Anac discutirá lista de passageiros indisciplinados; leia artigo
Advogada Roberta Andreoli analisa o debate em torno da medida, parte da agenda regulatória da Agência
Nos últimos anos, a aviação brasileira vem enfrentando diversos episódios de indisciplina por parte dos passageiros, com número recorde de 585 casos em 2022. Neste ano, 9% das ocorrências envolveram agressões físicas, sendo 42% em solo, 32% em solo na aeronave e 26% em voo. Em dado mais recente da Abear, durante o primeiro trimestre de 2023, foram registrados 114 episódios de indisciplina. Um quarto das perturbações apresentaram condutas violentas.
Para Roberta Andreoli, sócia fundadora do Leal Andreoli Advogados e presidente da Comissão Especial de Direito Aeronáutico da OAB-SP, um possível caminho para coibir indisciplinas e prevenir riscos é a a lista de “passageiros indisciplinados”, impedindo, por até 12 meses, o embarque de indivíduos com comportamentos que colocaram operações do transporte aéreo em risco. A medida faz parte da agenda regulatória da Anac e deve avançar para audiência pública até o final deste semestre.
Confira abaixo o artigo completo de Roberta Andreoli.
"Quando o direito do outro começa
O volume crescente e espantoso de tumultos em aviões e aeroportos brasileiros reforça a necessidade de implementação de medidas de controle e tratamento aos passageiros que não observam suas obrigações em voo. Um exemplo é a criação da lista de “passageiros indisciplinados”, impedindo, por até 12 meses, o embarque de indivíduos com comportamentos que colocaram operações do transporte aéreo em risco.
O debate já está previsto na agenda regulatória da Agência Nacional de Aviação Civil (Anac) e deve avançar para audiência pública até o final deste semestre.
De acordo com levantamento da Associação Brasileira das Empresas Aéreas (Abear), durante o primeiro trimestre de 2023, foram registrados 114 episódios de indisciplina. Um quarto das perturbações apresentaram condutas violentas.

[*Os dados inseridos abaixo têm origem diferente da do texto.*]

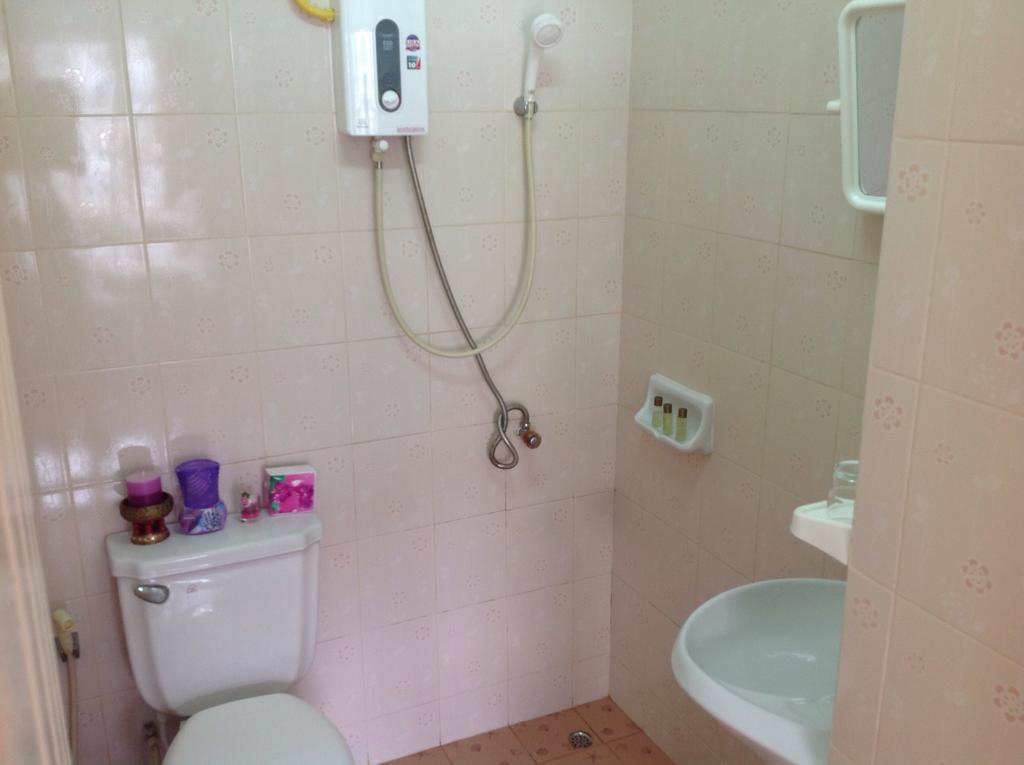 Sunshine Guesthouse Patong Room photo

Com 585 casos, 2022 foi recordista em relação aos anos anteriores (em 2021, foram 434 eventos, contra 222 em 2020 e 304 em 2019). Do total de ocorrências, 9% envolveram agressões físicas, sendo 42% em solo, 32% em solo na aeronave e 26% em voo.
Assim, a definição de medidas contra passageiros que incomodem os restantes, danifiquem a aeronave ou dificultem a operação continua sendo bastante aguardada. Afinal, esses casos podem afetar a segurança das operações aéreas e causam prejuízos às empresas, aeroportos e passageiros, acarretando, ainda, estresse à tripulação, atraso de voos e dificuldades no gerenciamento do tráfego aéreo.
Pensando em soluções contra esse cenário, a Anac criou um grupo de trabalho para estabelecer regras claras de gestão dos casos e punições, como multas, indenizações e a proibição de acesso ao modal. A expectativa é de regulamentação dos dispositivos trazidos pela Lei do Voo Simples, sancionada em 2022, a alterar o Código Brasileiro de Aeronáutica, determinando o tratamento destinado aos usuários que infringirem as normas legais e os atos que devem ser considerados gravíssimos.
No Brasil, o passageiro responsável por distúrbios a bordo de aeronave ou no aeroporto pode ser enquadrado no Código Penal por atentado contra a segurança do transporte aéreo, expondo a aeronave a perigo ou obliterando a navegação, e delito de dano, em que há a destruição de coisa alheia.
Contudo, não existe ainda norma que puna pecuniariamente ou impeça esses indivíduos de voarem. Entre os entraves da pauta, principalmente do ponto de vista jurídico, está o direito constitucional de ir e vir.
Neste contexto, é necessário ressaltar que o transporte aéreo é um contrato celebrado no momento da aquisição da passagem. Ou seja, há um pressuposto de cumprimento de deveres e obrigações de ambas as partes. Se um passageiro demonstrar indisciplina, colocando em risco o voo, terceiros e a infraestrutura aeroportuária, a empresa aérea não deve ser obrigada a celebrar novos contratos com o mesmo indivíduo.
Além disso, a limitação é voltada aos que ultrapassam o seu direito, esbarrando e violando o direito do outro.
Por fim, o mecanismo em discussão já foi implementado com sucesso em outros países. Nos Estados Unidos, por exemplo, companhias aéreas, como Delta Air Lines e American Airlines, adotaram o no-fly list.
A política de “tolerância zero” para os que atrapalham o funcionamento do transporte aéreo - que, além de “banir passageiros”, já aplicou cerca de US$ 7 milhões em multas - reduziu os casos em mais de 60%, segundo a Federal Aviation Administration (FAA).
As práticas internacionais apontam, dessa forma, um caminho para coibir indisciplinas e prevenir riscos."